Assigned task: Could you copy, exactly as written, every line from the first line of the records through the one containing "White Sweetheart Taffeta"?

(Short descriptive text snippets)
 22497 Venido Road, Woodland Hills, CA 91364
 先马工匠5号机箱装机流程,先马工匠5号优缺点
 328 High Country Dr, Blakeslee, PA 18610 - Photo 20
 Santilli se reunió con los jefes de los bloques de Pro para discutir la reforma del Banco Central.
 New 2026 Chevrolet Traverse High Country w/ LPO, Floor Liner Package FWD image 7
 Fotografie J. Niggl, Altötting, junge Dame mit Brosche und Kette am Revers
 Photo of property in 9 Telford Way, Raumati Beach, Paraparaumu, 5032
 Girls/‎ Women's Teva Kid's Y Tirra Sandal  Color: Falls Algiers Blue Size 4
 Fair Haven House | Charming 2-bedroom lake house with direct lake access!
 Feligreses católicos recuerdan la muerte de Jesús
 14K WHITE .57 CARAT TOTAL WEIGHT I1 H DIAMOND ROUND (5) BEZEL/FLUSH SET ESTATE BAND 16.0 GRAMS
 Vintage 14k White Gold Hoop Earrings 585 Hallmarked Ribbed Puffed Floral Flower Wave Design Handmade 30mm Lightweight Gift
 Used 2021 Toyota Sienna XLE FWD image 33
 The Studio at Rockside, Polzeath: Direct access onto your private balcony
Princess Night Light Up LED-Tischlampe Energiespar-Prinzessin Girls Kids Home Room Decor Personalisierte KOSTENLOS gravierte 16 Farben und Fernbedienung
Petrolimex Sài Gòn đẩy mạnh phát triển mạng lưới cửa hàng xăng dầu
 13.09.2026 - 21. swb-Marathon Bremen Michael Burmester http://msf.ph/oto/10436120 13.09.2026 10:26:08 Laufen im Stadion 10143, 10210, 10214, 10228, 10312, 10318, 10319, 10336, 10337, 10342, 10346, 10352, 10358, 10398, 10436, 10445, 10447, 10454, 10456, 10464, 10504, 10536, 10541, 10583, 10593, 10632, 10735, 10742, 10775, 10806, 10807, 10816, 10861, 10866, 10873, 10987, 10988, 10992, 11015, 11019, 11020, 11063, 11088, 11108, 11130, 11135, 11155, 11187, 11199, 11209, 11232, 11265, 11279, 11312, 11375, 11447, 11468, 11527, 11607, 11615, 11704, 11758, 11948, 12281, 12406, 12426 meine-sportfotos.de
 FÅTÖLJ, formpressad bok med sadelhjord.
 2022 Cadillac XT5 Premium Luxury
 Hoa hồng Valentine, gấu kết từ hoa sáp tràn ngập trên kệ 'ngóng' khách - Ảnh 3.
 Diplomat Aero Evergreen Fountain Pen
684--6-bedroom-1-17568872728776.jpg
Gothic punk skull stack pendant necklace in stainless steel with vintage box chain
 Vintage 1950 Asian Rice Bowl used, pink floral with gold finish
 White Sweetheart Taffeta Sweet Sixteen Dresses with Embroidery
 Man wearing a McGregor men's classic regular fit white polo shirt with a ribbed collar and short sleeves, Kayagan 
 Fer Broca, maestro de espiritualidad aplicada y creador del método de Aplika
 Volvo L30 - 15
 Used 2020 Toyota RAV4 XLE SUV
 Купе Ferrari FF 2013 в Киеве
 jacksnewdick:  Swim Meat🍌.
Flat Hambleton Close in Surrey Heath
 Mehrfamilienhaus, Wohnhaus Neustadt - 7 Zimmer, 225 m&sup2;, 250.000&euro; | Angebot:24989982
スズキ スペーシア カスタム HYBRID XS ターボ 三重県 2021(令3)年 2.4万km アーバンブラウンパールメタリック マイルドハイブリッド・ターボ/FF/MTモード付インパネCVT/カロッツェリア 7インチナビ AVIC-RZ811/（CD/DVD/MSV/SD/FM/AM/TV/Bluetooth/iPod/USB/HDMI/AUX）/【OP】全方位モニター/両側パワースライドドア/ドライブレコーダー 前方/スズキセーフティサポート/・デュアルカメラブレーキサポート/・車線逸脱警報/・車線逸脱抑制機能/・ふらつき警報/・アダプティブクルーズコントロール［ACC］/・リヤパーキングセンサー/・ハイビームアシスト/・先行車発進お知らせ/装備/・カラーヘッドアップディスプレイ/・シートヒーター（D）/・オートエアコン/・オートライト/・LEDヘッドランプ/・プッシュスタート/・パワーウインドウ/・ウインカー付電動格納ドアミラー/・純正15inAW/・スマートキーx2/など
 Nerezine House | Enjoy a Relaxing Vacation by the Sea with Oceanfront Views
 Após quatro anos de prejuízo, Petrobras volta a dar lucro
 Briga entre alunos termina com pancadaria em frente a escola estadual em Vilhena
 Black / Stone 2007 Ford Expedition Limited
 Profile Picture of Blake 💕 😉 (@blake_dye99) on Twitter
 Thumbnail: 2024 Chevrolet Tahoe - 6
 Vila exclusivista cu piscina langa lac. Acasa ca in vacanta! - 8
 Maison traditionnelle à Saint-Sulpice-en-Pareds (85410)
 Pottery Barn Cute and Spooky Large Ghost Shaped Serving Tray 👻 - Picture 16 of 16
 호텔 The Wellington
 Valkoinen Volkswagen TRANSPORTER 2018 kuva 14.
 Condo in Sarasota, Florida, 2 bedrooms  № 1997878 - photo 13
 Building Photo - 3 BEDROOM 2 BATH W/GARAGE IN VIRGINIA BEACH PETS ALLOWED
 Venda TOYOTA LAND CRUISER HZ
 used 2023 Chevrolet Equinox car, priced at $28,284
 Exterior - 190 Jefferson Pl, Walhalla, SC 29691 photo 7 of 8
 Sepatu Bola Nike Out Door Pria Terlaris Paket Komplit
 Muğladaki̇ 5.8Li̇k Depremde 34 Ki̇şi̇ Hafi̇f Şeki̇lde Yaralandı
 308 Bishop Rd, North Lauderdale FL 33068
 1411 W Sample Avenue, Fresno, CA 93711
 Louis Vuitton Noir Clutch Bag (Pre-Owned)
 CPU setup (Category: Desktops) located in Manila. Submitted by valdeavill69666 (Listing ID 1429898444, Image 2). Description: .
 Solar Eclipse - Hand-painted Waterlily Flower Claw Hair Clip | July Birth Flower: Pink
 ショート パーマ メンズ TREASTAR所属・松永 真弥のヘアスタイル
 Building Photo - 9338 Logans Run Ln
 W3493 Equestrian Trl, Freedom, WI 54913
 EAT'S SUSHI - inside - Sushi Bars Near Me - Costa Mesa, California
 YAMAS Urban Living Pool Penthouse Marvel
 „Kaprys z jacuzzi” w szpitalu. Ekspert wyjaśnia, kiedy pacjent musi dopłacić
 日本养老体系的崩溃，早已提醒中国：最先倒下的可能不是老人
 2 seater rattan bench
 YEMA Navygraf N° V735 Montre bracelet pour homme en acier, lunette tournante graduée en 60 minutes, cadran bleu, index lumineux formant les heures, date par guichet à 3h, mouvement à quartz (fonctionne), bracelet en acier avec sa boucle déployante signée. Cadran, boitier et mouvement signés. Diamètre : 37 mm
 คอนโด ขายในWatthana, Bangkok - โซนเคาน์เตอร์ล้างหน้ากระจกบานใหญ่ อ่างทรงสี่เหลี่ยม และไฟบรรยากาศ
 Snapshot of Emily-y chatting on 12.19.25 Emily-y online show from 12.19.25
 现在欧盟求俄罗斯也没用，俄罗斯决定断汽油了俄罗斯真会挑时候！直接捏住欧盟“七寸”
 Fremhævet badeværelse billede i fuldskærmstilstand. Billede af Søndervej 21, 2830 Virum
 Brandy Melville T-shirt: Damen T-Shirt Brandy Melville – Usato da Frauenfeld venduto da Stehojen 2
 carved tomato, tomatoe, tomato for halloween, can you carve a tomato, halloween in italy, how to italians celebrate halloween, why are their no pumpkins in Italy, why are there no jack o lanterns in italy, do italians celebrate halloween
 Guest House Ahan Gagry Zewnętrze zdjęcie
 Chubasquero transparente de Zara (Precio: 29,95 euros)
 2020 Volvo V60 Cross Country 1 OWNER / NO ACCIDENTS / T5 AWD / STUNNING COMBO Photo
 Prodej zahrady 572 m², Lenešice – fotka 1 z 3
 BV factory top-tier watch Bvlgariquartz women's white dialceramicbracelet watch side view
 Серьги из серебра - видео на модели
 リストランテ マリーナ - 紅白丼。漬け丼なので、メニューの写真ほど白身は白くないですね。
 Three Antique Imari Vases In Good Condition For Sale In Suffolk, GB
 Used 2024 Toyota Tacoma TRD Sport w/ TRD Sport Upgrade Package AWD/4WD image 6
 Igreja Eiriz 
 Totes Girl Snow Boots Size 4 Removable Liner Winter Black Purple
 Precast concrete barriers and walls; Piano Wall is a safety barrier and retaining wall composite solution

Solution to the exercise:
 22497 Venido Road, Woodland Hills, CA 91364
 先马工匠5号机箱装机流程,先马工匠5号优缺点
 328 High Country Dr, Blakeslee, PA 18610 - Photo 20
 Santilli se reunió con los jefes de los bloques de Pro para discutir la reforma del Banco Central.
 New 2026 Chevrolet Traverse High Country w/ LPO, Floor Liner Package FWD image 7
 Fotografie J. Niggl, Altötting, junge Dame mit Brosche und Kette am Revers
 Photo of property in 9 Telford Way, Raumati Beach, Paraparaumu, 5032
 Girls/‎ Women's Teva Kid's Y Tirra Sandal  Color: Falls Algiers Blue Size 4
 Fair Haven House | Charming 2-bedroom lake house with direct lake access!
 Feligreses católicos recuerdan la muerte de Jesús
 14K WHITE .57 CARAT TOTAL WEIGHT I1 H DIAMOND ROUND (5) BEZEL/FLUSH SET ESTATE BAND 16.0 GRAMS
 Vintage 14k White Gold Hoop Earrings 585 Hallmarked Ribbed Puffed Floral Flower Wave Design Handmade 30mm Lightweight Gift
 Used 2021 Toyota Sienna XLE FWD image 33
 The Studio at Rockside, Polzeath: Direct access onto your private balcony
Princess Night Light Up LED-Tischlampe Energiespar-Prinzessin Girls Kids Home Room Decor Personalisierte KOSTENLOS gravierte 16 Farben und Fernbedienung
Petrolimex Sài Gòn đẩy mạnh phát triển mạng lưới cửa hàng xăng dầu
 13.09.2026 - 21. swb-Marathon Bremen Michael Burmester http://msf.ph/oto/10436120 13.09.2026 10:26:08 Laufen im Stadion 10143, 10210, 10214, 10228, 10312, 10318, 10319, 10336, 10337, 10342, 10346, 10352, 10358, 10398, 10436, 10445, 10447, 10454, 10456, 10464, 10504, 10536, 10541, 10583, 10593, 10632, 10735, 10742, 10775, 10806, 10807, 10816, 10861, 10866, 10873, 10987, 10988, 10992, 11015, 11019, 11020, 11063, 11088, 11108, 11130, 11135, 11155, 11187, 11199, 11209, 11232, 11265, 11279, 11312, 11375, 11447, 11468, 11527, 11607, 11615, 11704, 11758, 11948, 12281, 12406, 12426 meine-sportfotos.de
 FÅTÖLJ, formpressad bok med sadelhjord.
 2022 Cadillac XT5 Premium Luxury
 Hoa hồng Valentine, gấu kết từ hoa sáp tràn ngập trên kệ 'ngóng' khách - Ảnh 3.
 Diplomat Aero Evergreen Fountain Pen
684--6-bedroom-1-17568872728776.jpg
Gothic punk skull stack pendant necklace in stainless steel with vintage box chain
 Vintage 1950 Asian Rice Bowl used, pink floral with gold finish
 White Sweetheart Taffeta Sweet Sixteen Dresses with Embroidery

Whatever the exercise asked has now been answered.